§ SUPPLIED DATA
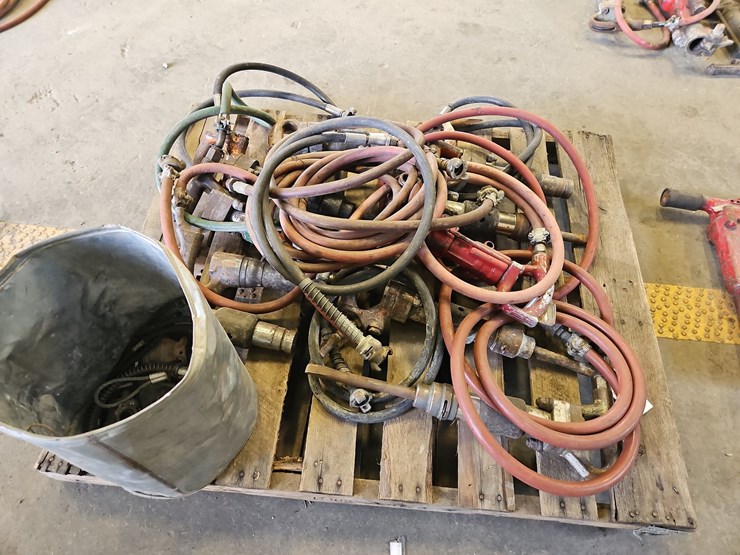 quantity-of-pneumatic-chissel-hammers-image-2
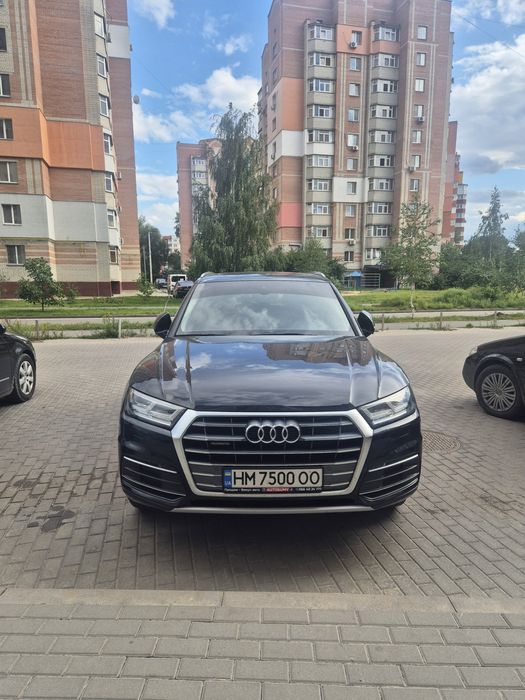 Audi Q5 2019 року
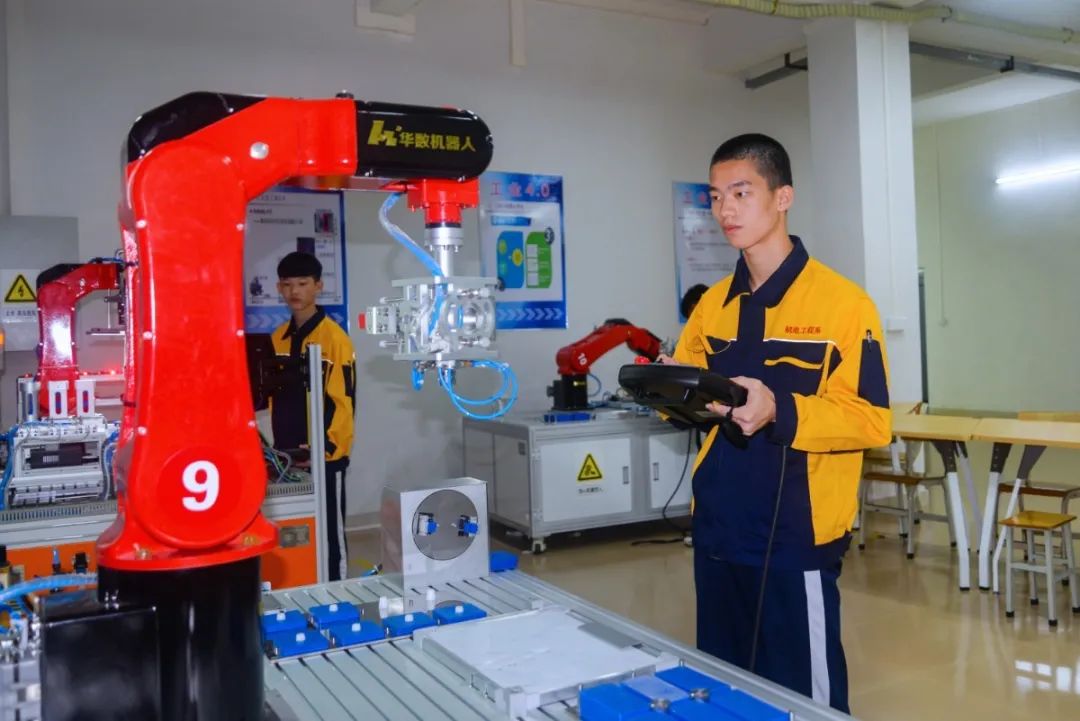 機器人應用與操作9.jpg 圖片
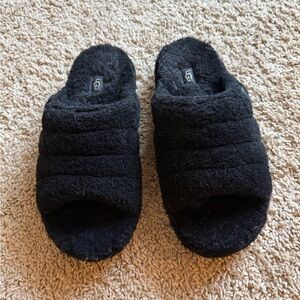 UGG Black Plush Slide Slippers Unisex Men’s 9 Women’s 11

§ HOW TO COMPLETE THIS TASK
Aside from the pictures, repeat the listing exactly.

§ RESULT BELOW
 quantity-of-pneumatic-chissel-hammers-image-2
 Audi Q5 2019 року
 機器人應用與操作9.jpg 圖片
 UGG Black Plush Slide Slippers Unisex Men’s 9 Women’s 11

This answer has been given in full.